Once they cap each cell with beeswax, that’s when Shirley moves in.
Smoking the hives to move the bees away and removing each frame, scraping the wax, spinning off any honey in a machine that pumps it into a massive vat before it sits for a day or two before it is packaged.
“In there, there’s 50 pounds of honey,” Shirley said, holding up one of the heavier boxes. “Around here, we’ve had a very, very good crop year.”
While Shirley drives 45 minutes from his job to the farm for after hours heavy lifting, it’s Julie that has abandoned full-time work to be a beekeeper. She enjoys nurturing the bees most.

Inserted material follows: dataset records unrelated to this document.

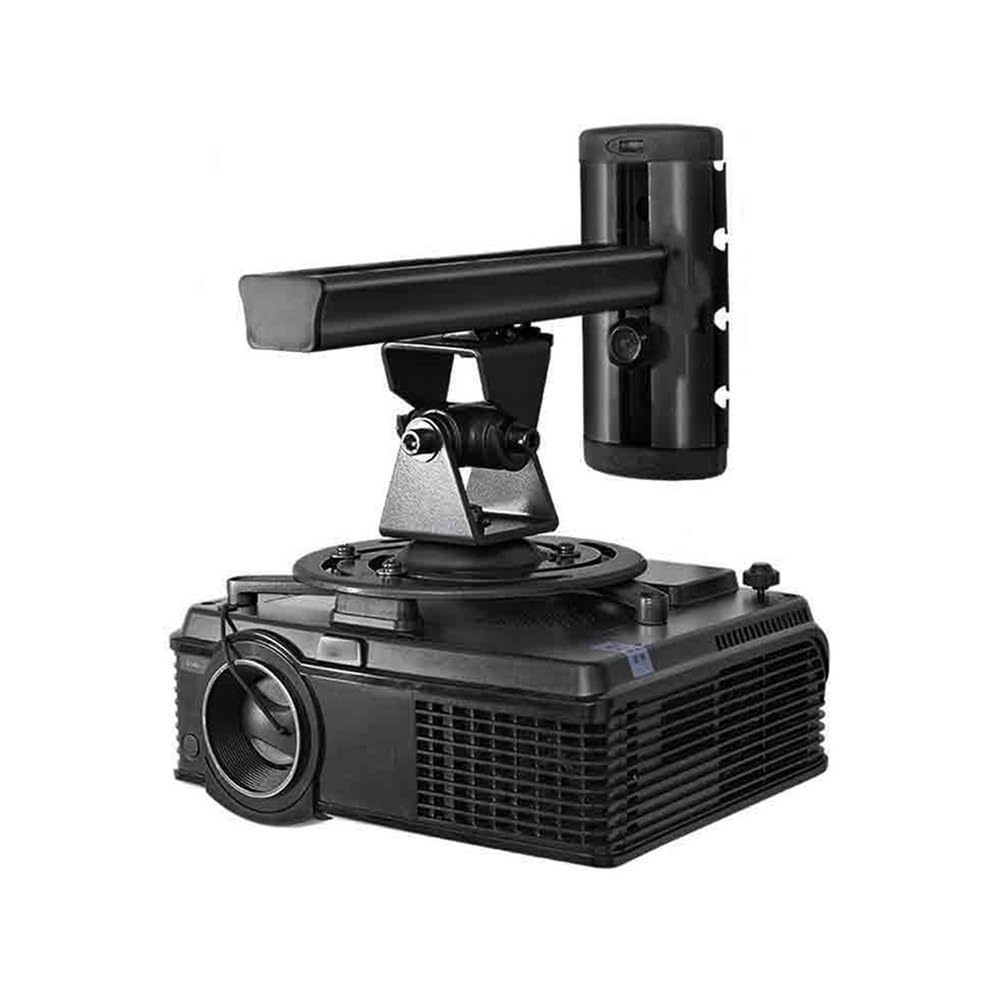CHENGAIJIAN Projector Mount, Office Universal Aluminum Alloy Projector Bracket Rotating Projector Ceiling Wall Mount Bracket Projector Tripod(Black)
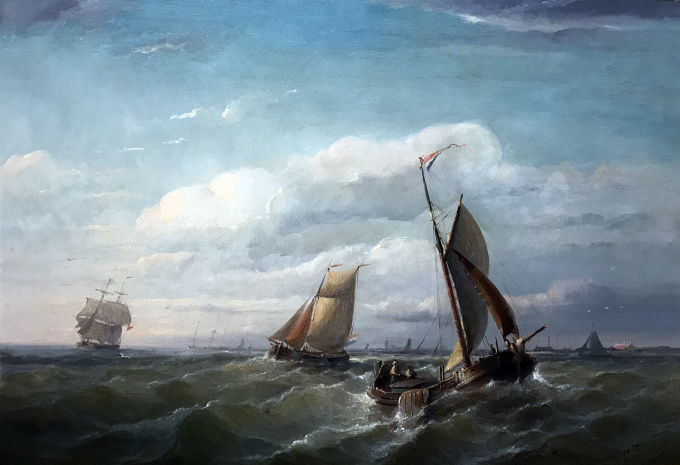 Marine by Christiaan Cornelis Kannemans
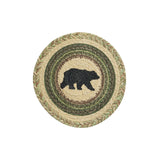 Pineview Lodge Bear Braided Trivet Set of 3-Lange General Store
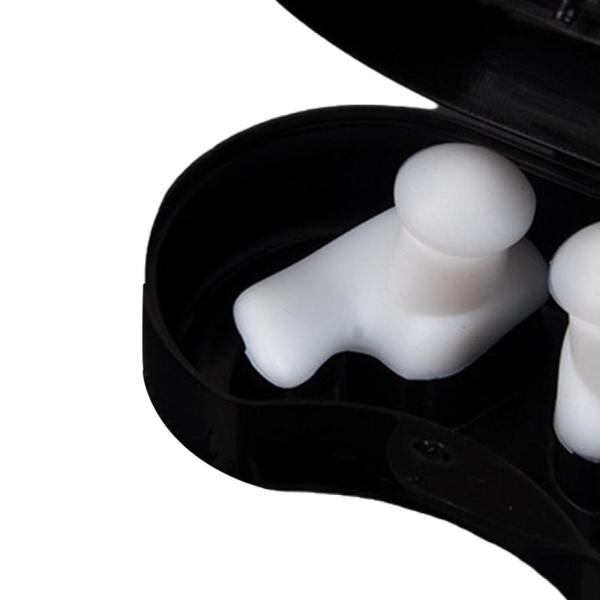 水泳用耳栓 イヤホン 再利用可能 スパイラル 睡眠用 男女兼用 シリコン製耳栓 水中シャワー用耳保護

“You’re looking into the hive, and there’s always a pattern for how the two bottom boxes should be, and you’re always watching that they’re keeping that pattern,” Julie said.
As most beekeepers will tell you, there’s an addictive quality to the work. One hive can quickly grow to dozens. Julie started with two hives five years ago. This season they began with 135 and now have 200.
“I just want to live comfortably. When we started, originally, I just wanted two hives for our self-sufficiency goal we had here.”
The Shirley’s operation has far surpassed that. This year they expect to package 50,000 pounds of pure, unpasteurized honey that goes from the farm to the table in 24 hours.
However, they do have one piece of advice for amateur beekeepers.
“You lose your summer. You’re getting a career out of it, you’re doing lots of good things but you give up your entire summer for beekeeping,” Shirley said.
“No more sailing, windsurfing or camping, you’re here taking care of your bees.”